**ACTIVITY:** Everything in the records below from the line containing "A diminutive silver" through the line containing "A dessert plate" is to be reproduced exactly, those two lines included; no picture is to be copied.

**TASK MATERIAL:**
-- -- --

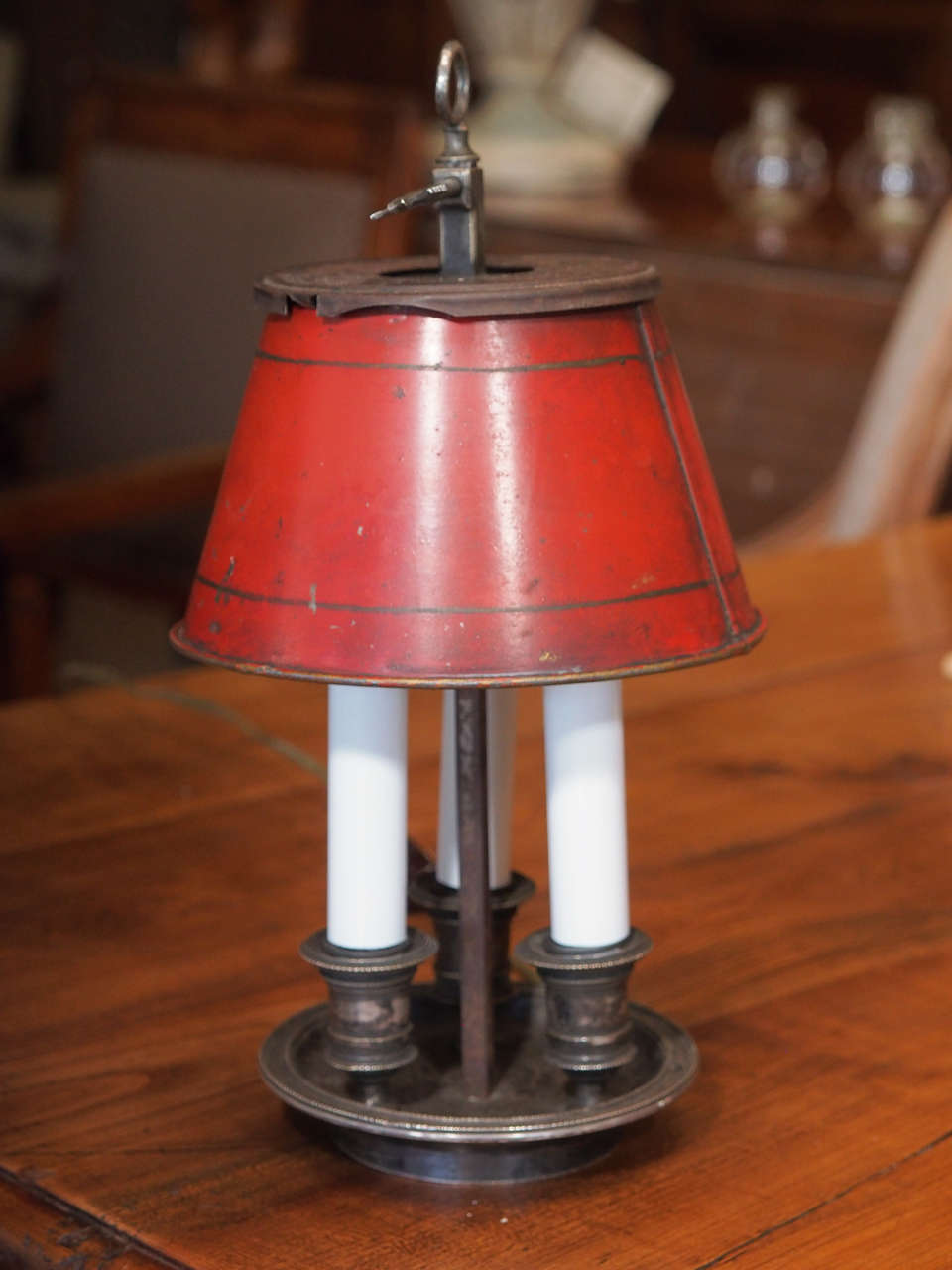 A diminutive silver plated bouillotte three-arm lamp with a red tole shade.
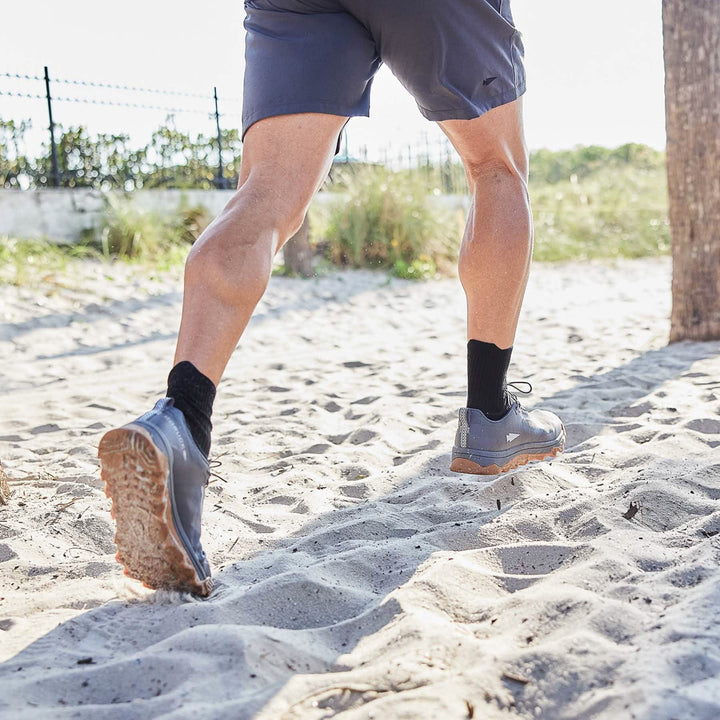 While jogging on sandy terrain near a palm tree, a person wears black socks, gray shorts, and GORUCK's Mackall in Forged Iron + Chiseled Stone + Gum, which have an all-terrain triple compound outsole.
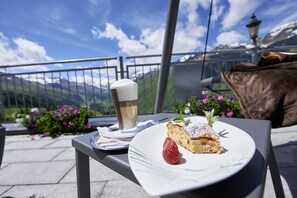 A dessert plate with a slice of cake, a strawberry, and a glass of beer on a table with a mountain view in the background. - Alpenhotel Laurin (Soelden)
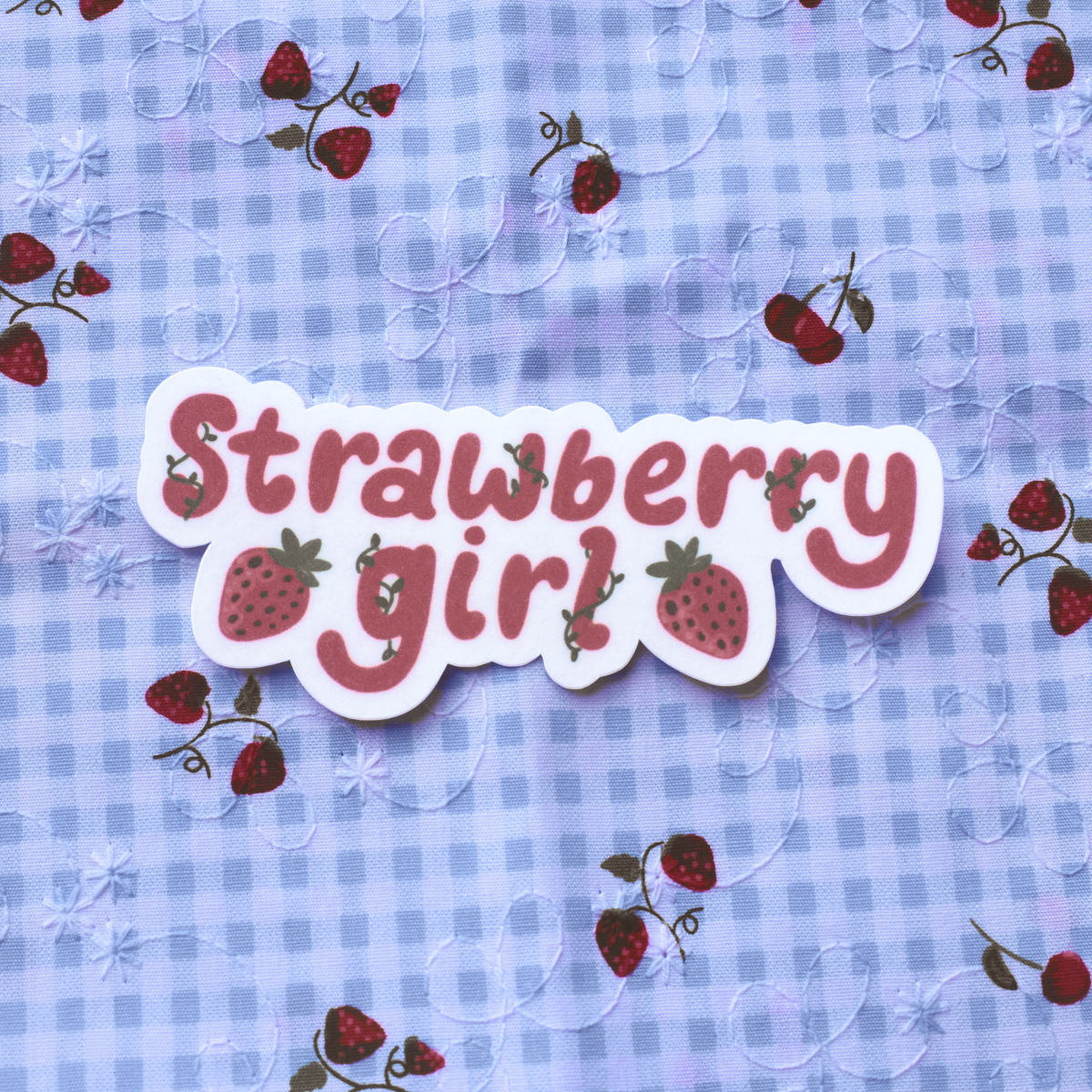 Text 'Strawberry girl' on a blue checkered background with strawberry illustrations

-- -- --

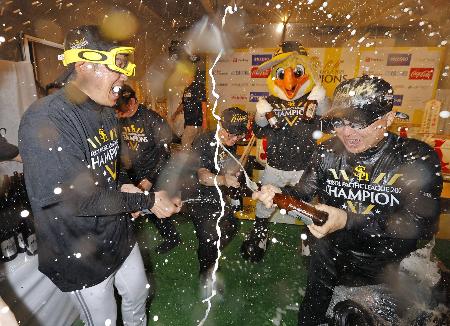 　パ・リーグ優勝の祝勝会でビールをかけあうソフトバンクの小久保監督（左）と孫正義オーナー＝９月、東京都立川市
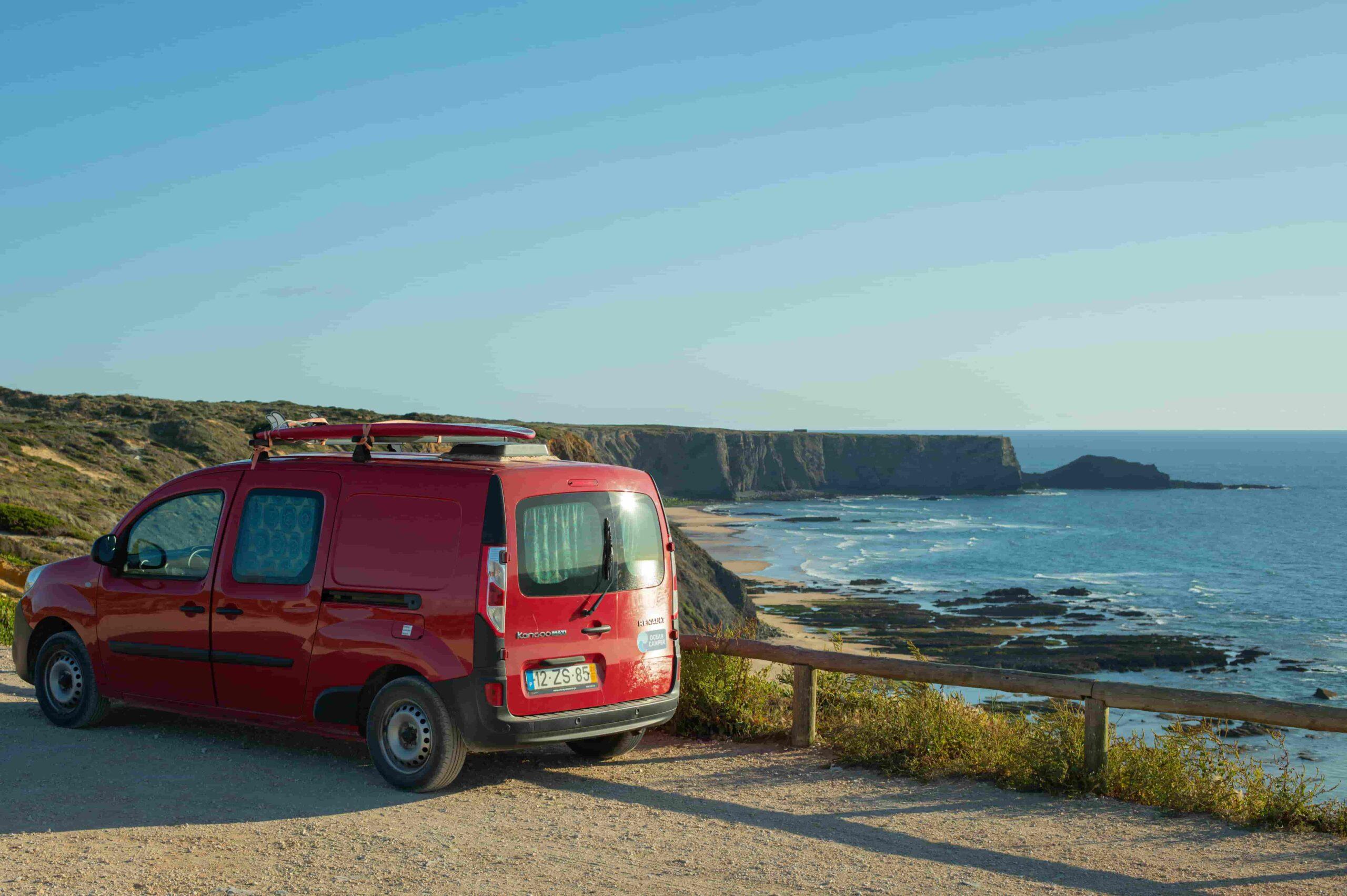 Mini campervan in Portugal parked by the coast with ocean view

-- -- --

**RESPONSE BELOW:**
 A diminutive silver plated bouillotte three-arm lamp with a red tole shade.
 While jogging on sandy terrain near a palm tree, a person wears black socks, gray shorts, and GORUCK's Mackall in Forged Iron + Chiseled Stone + Gum, which have an all-terrain triple compound outsole.
 A dessert plate with a slice of cake, a strawberry, and a glass of beer on a table with a mountain view in the background. - Alpenhotel Laurin (Soelden)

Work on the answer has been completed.